=== Work order ===
Leave out pictures; repeat exactly the lines from the "Tory Burch classic slip" line through the last of the data below.

=== Web page caption snippets ===

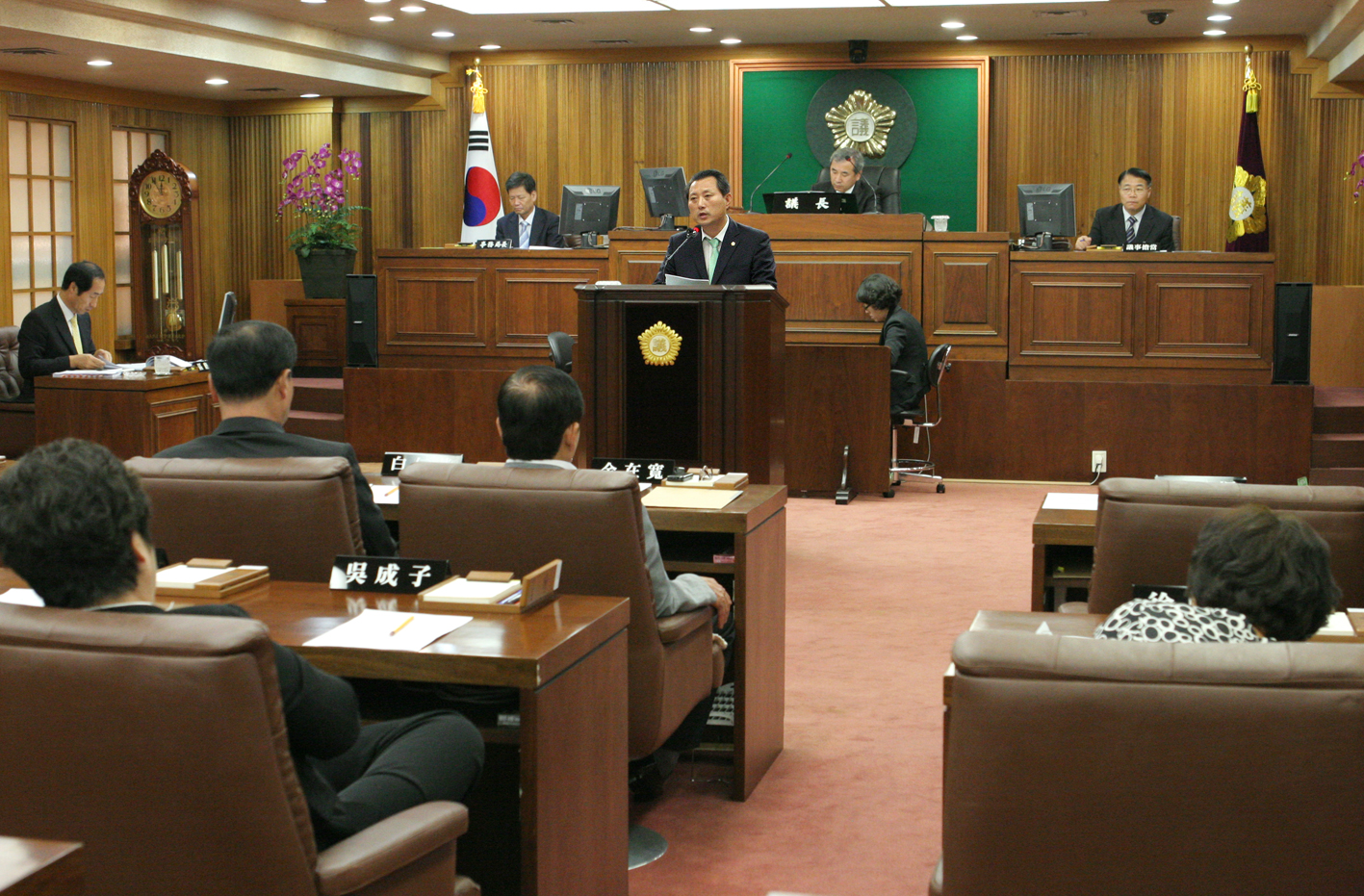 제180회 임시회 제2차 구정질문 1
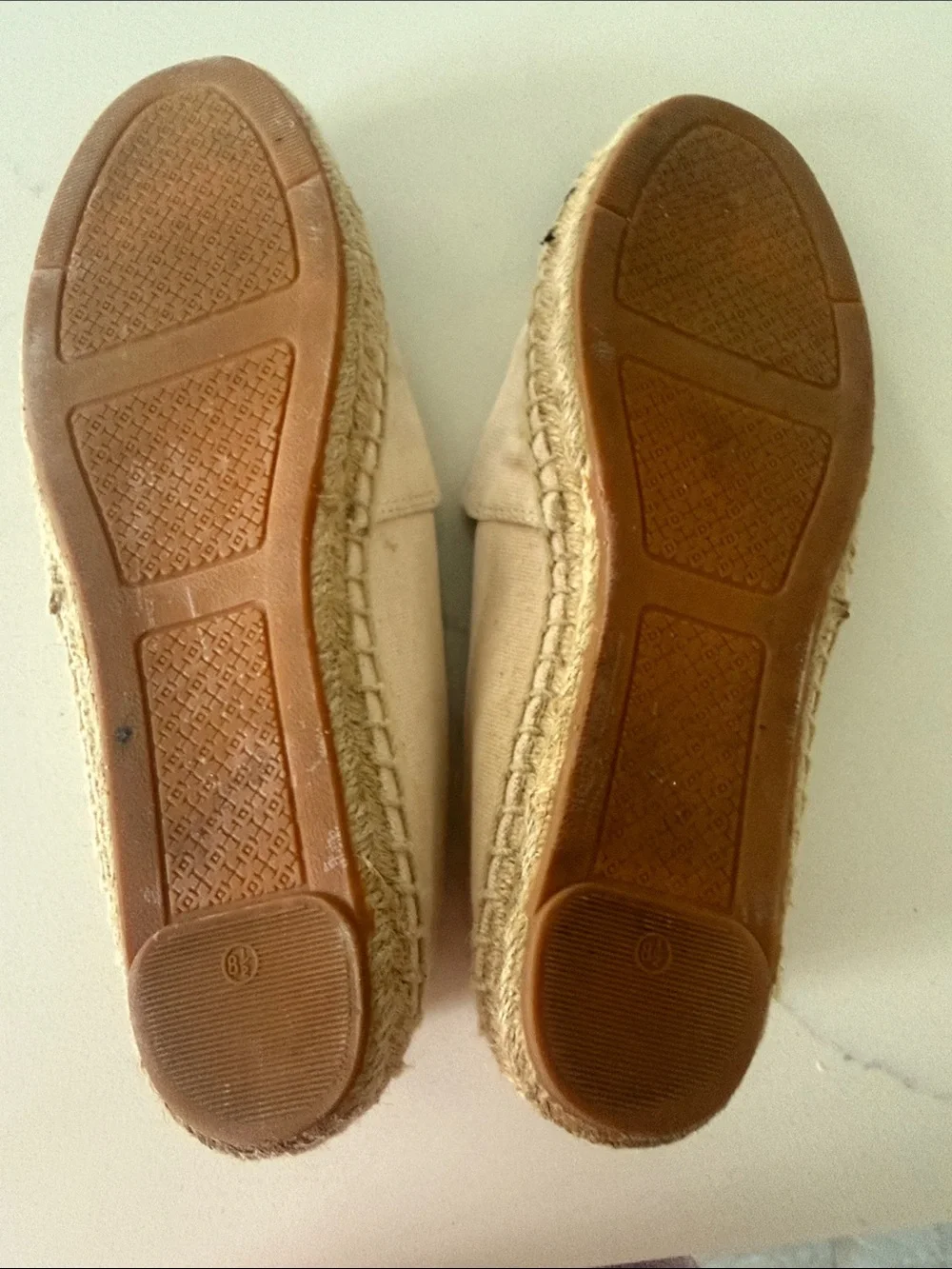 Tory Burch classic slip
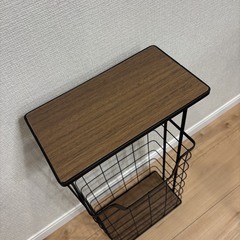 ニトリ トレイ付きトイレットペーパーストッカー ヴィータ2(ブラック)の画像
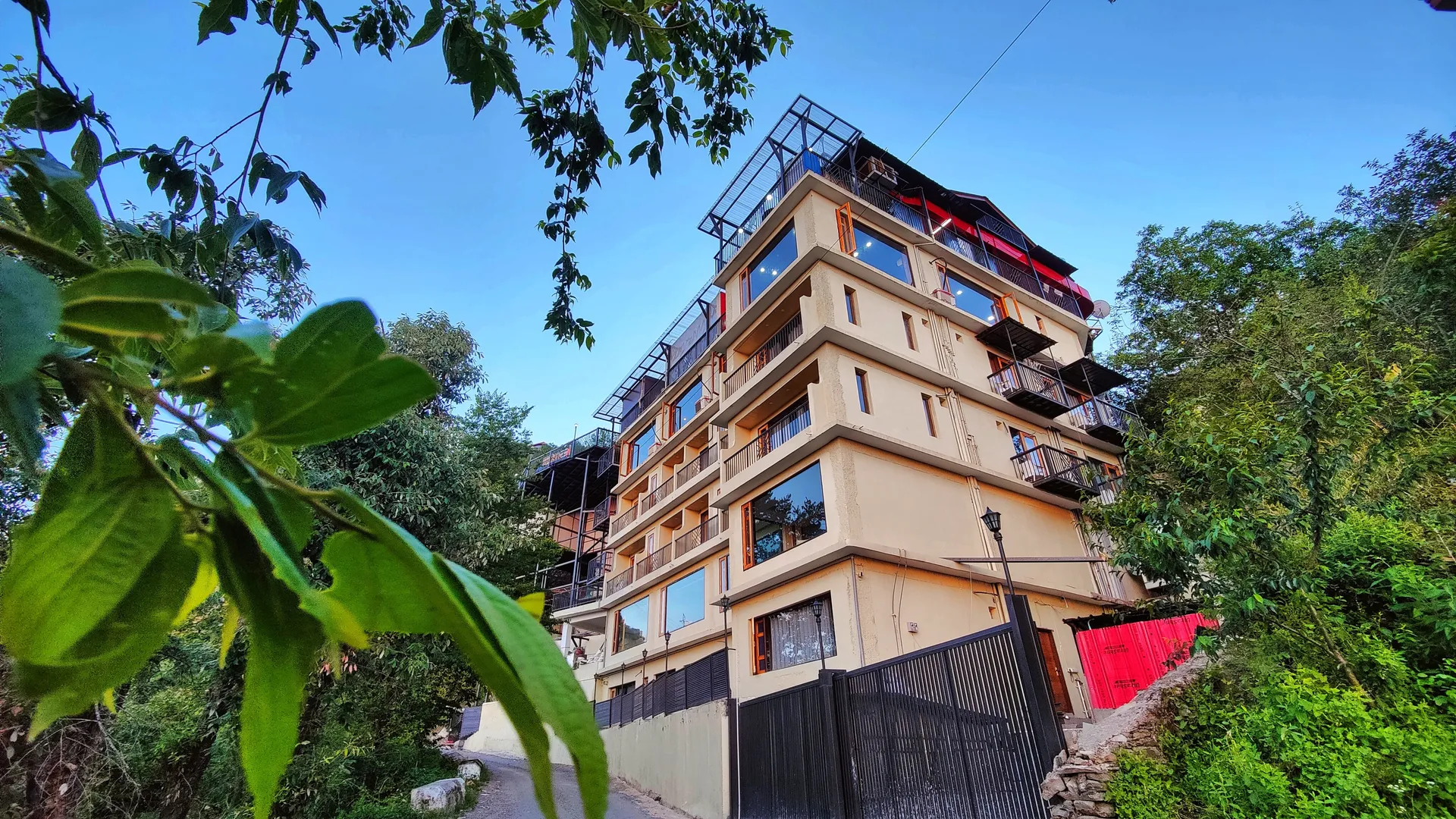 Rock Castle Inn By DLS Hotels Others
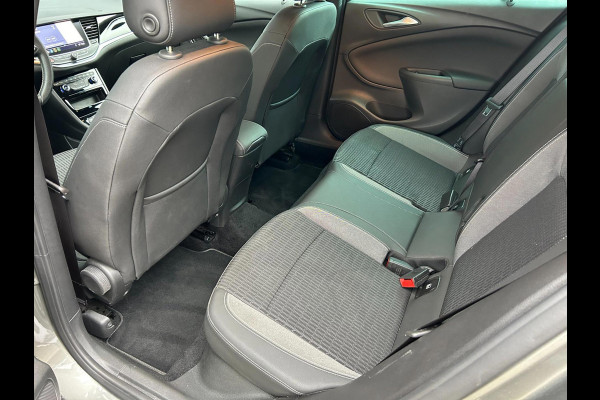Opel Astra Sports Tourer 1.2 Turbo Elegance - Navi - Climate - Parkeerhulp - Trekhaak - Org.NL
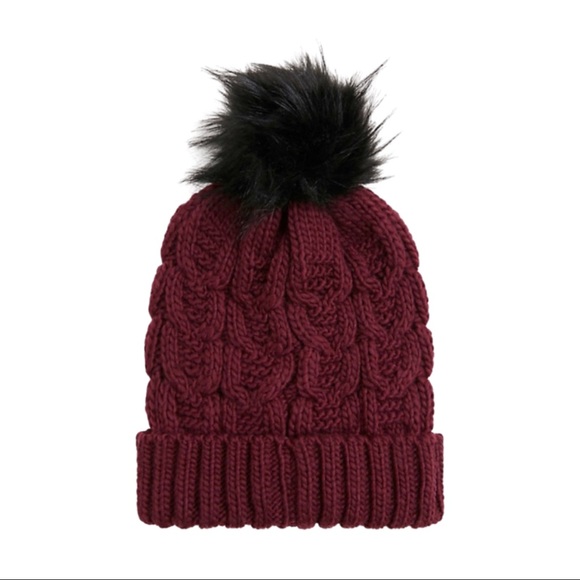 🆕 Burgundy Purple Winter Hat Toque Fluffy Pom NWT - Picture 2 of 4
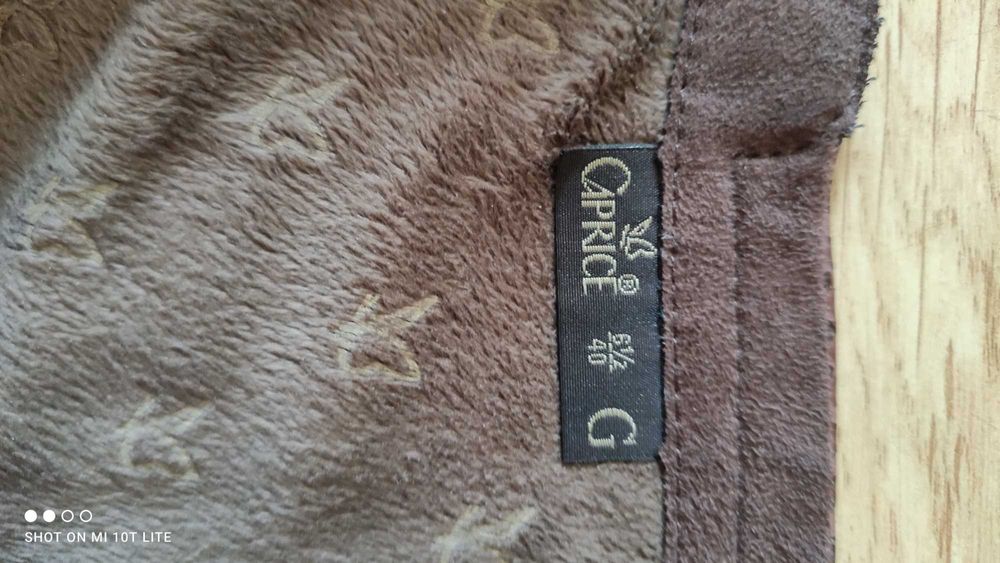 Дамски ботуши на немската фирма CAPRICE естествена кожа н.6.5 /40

=== Response ===
 Tory Burch classic slip
 ニトリ トレイ付きトイレットペーパーストッカー ヴィータ2(ブラック)の画像
 Rock Castle Inn By DLS Hotels Others
Opel Astra Sports Tourer 1.2 Turbo Elegance - Navi - Climate - Parkeerhulp - Trekhaak - Org.NL
 🆕 Burgundy Purple Winter Hat Toque Fluffy Pom NWT - Picture 2 of 4
 Дамски ботуши на немската фирма CAPRICE естествена кожа н.6.5 /40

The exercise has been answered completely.